# What would occur if a 20*kg block of magnesium metal were dropped in a 500*L vat of conc. hydrochloric acid? What volume of dihydrogen gas would be generated?

Apr 12, 2017

And who did it? What a klutz............this is a major accident.

#### Explanation:

$M g \left(s\right) + 2 H C l \left(a q\right) \rightarrow M g C {l}_{2} \left(a q\right) + {H}_{2} \left(g\right) \uparrow$

Conc. $H C l \left(a q\right)$, the stuff you get in a lab is $\text{32-34%(m/m)}$, and we will treat this as a molar concentration of $10.6 \cdot m o l \cdot {L}^{-} 1$ with respect to $H C l$. (How do I know this? Well, you need the density of the acid to make the calculation, but I have extensively used conc. hydrochloric acid and happen to know).
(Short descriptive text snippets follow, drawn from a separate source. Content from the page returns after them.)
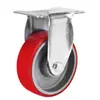 Rueda de PU con núcleo de hierro medio 3 pulgadas 4 pulgadas 5 pulgadas Rueda giratoria de poliuretano directo de fábrica Núcleo de hierro fundido Rueda giratoria universal de PU roja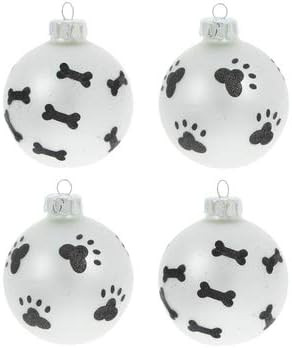 Dog Bone and Paw Print Glitter Christmas Tree Ornament 4 Ct | Amazon (US)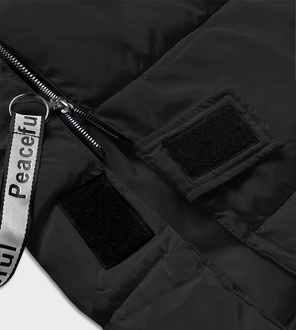 Czarna długa zimowa kurtka puchowa płaszczyk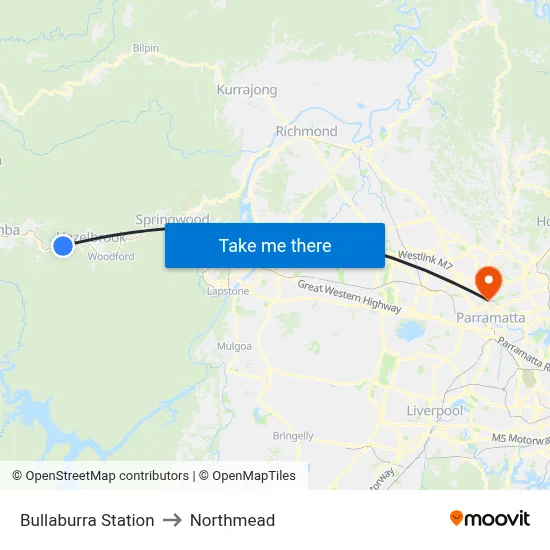 Bullaburra Station to Northmead map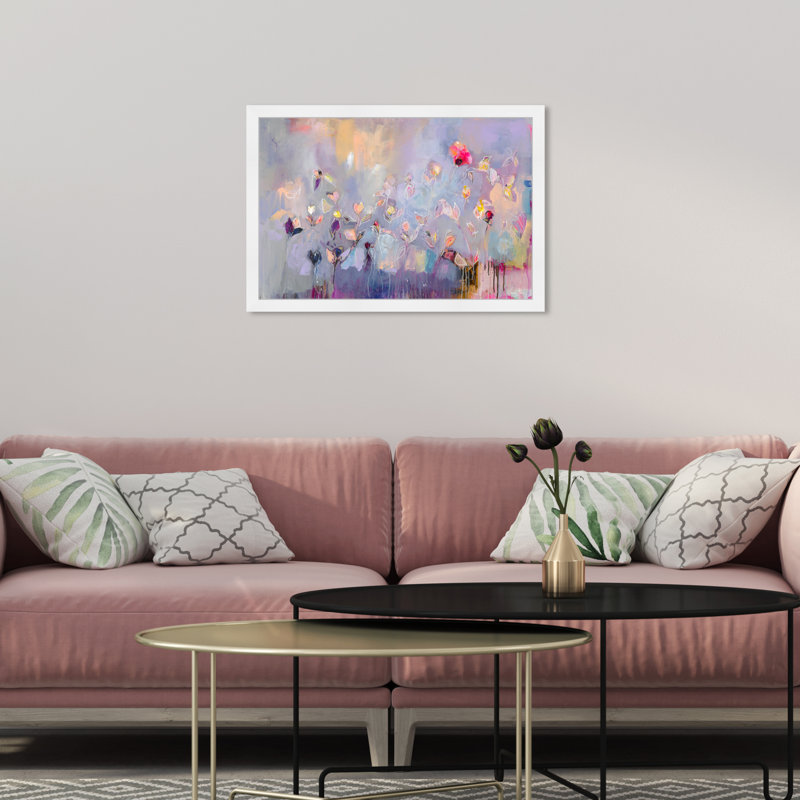 Fleurs mauves abstraites par Oliver Gal - reproduction, L 26 po x H 18 po, Blanc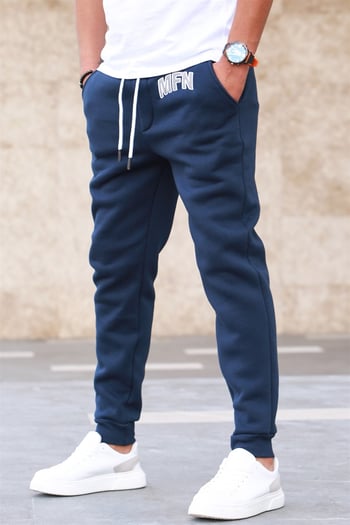 Madmext 3-Thread Fleece Navy Blue Sweatpants For Men 5427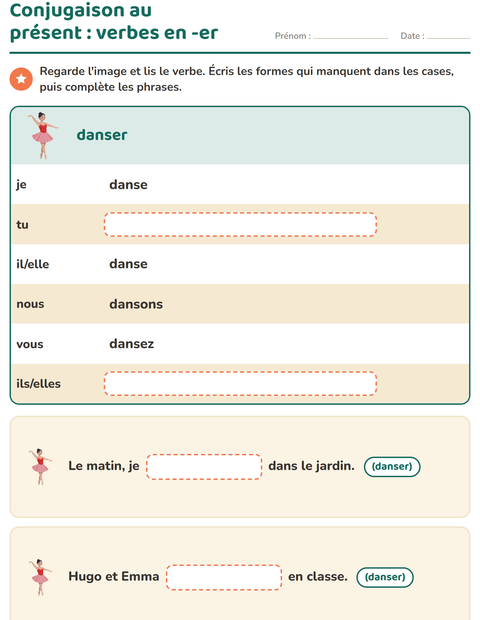 Aperçu de la fiche Conjugaison au présent pour CE1 (cours élémentaire 1)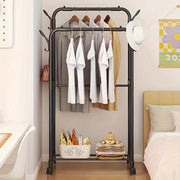 Multi-Tier Coat Rack with Shoe Storage Space-Saving Floor Organizer for Entryway and Bedroom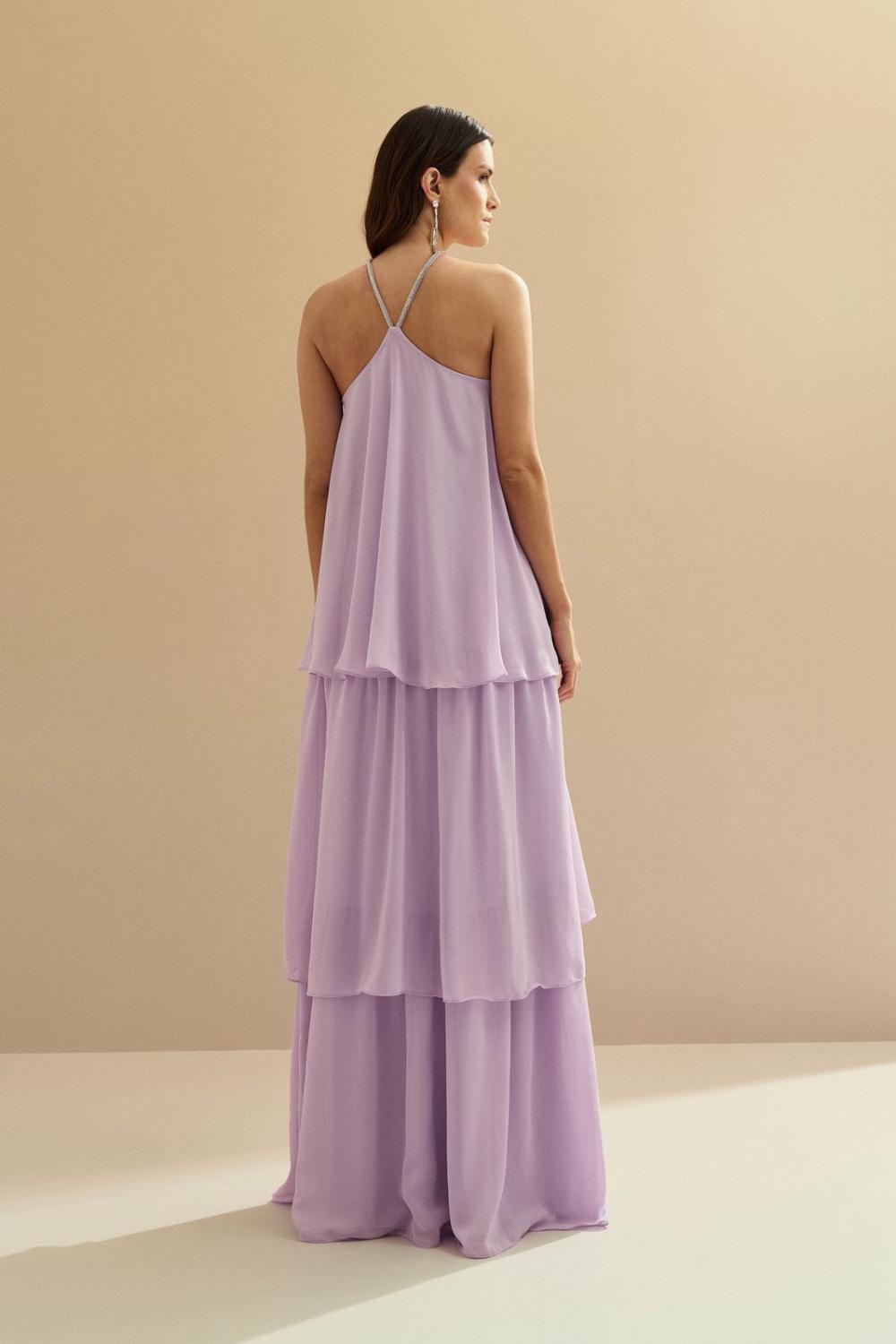 Vestido de Festa Longo em Camadas - Barcelona Lilás | Lavanda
And thus moles of $H C l$:

$10.6 \cdot m o l \cdot {L}^{-} 1 \times 500 \cdot L = 5300 \cdot m o l$

And moles of $M g$:

$\frac{20 \times {10}^{3} \cdot g}{24.3 \cdot g \cdot m o {l}^{-} 1} = 823 \cdot m o l$ of metal...........

Given the stoichiometric equation, we would generate $823 \cdot m o l$ of $\text{dihydrogen gas}$.

And this has a volume of $V = \frac{n R T}{P}$ assuming ideality.

$V = \frac{823 \cdot m o l \times 0.0821 \cdot L \cdot a t m \cdot {K}^{-} 1 \cdot m o {l}^{-} 1 \times 305 \cdot K}{1 \cdot a t m}$

$\cong 20 \times {10}^{3} \cdot L$, i.e over $20 \cdot {m}^{3}$. This is a HUGE VOLUME, and would constitute a significant safety hazard (both in terms of combustion and asphyxiation!). What do you think would happen if someone (probably the klutz who dropped the metal!) lit up a cigarette?